# [YOUR GOAL]
Omitting every picture, copy the lines from the one that contains "blurred indoor sports" through the last line of the records below, exactly and with nothing added.

# [RECORDS FOR THIS TASK]
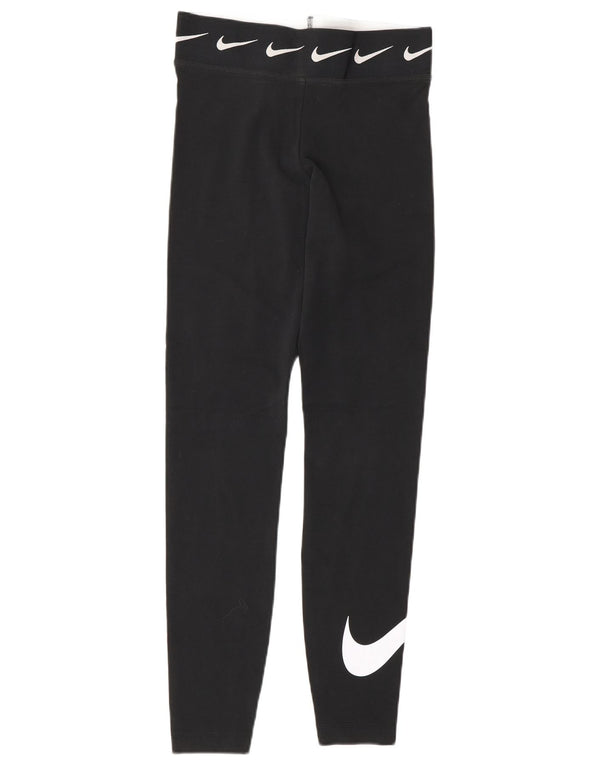 Γυναικεία γραφικά κολάν Nike UK 10 μικρά βαμβακερά μαύρα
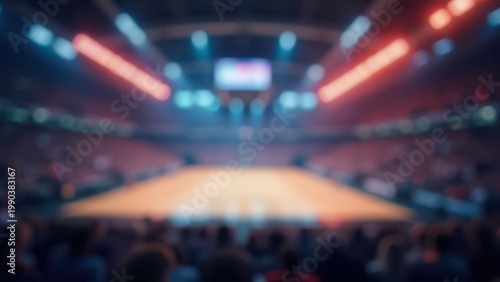 blurred indoor sports venue with bright lights vibrant arena background
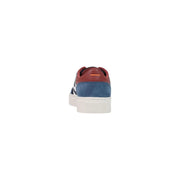 Boss Herren-Sneaker aus blauem Leder in rotem und blauem Wildleder, niedrig geschnittentop Design mit weißer Gummisohle
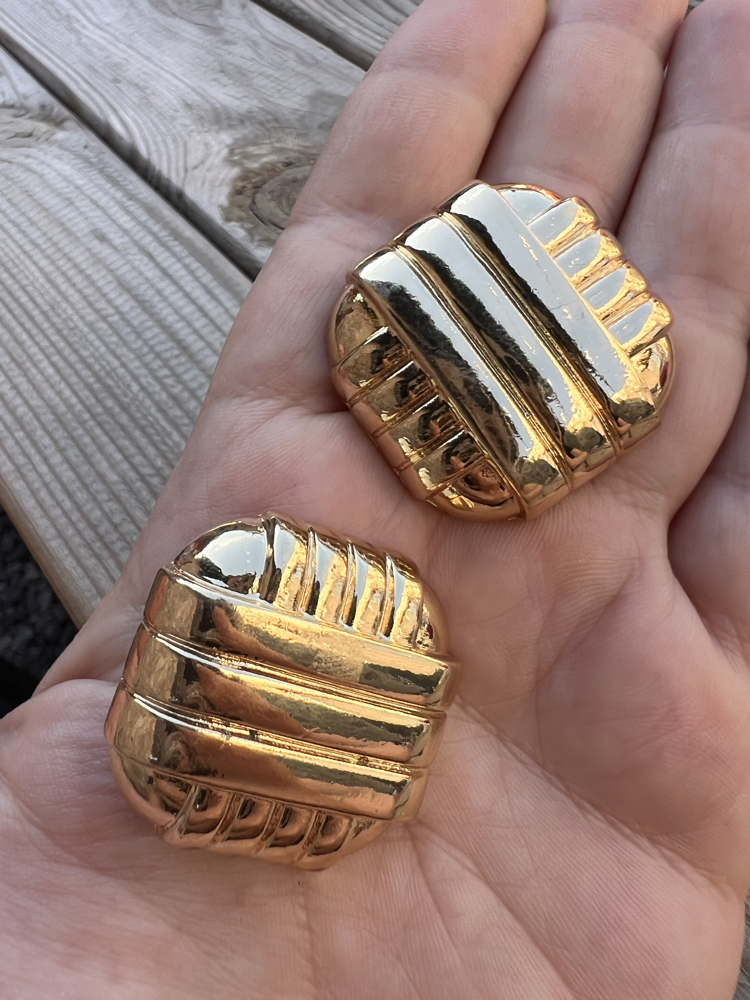 Gold square küpe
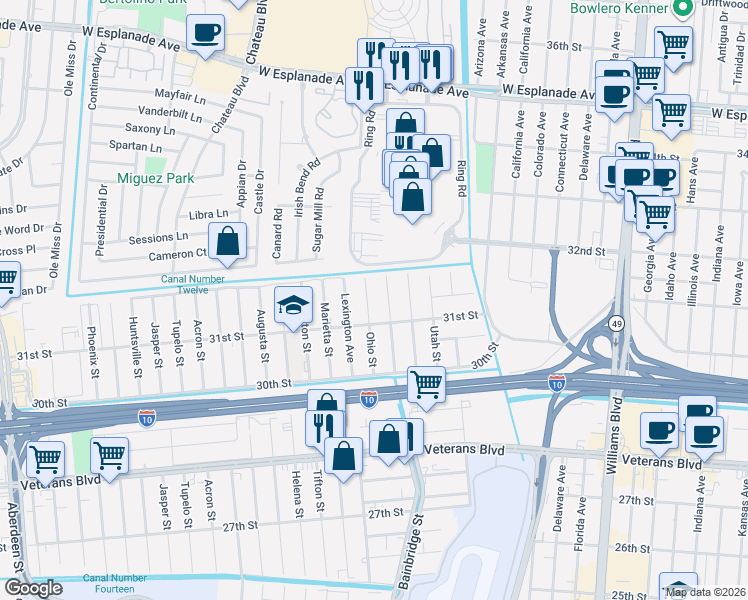 map of restaurants, bars, coffee shops, grocery stores, and more near 3117 Bainbridge Street in Kenner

# [ANSWER BOX]
 blurred indoor sports venue with bright lights vibrant arena background
 Boss Herren-Sneaker aus blauem Leder in rotem und blauem Wildleder, niedrig geschnittentop Design mit weißer Gummisohle
 Gold square küpe
 map of restaurants, bars, coffee shops, grocery stores, and more near 3117 Bainbridge Street in Kenner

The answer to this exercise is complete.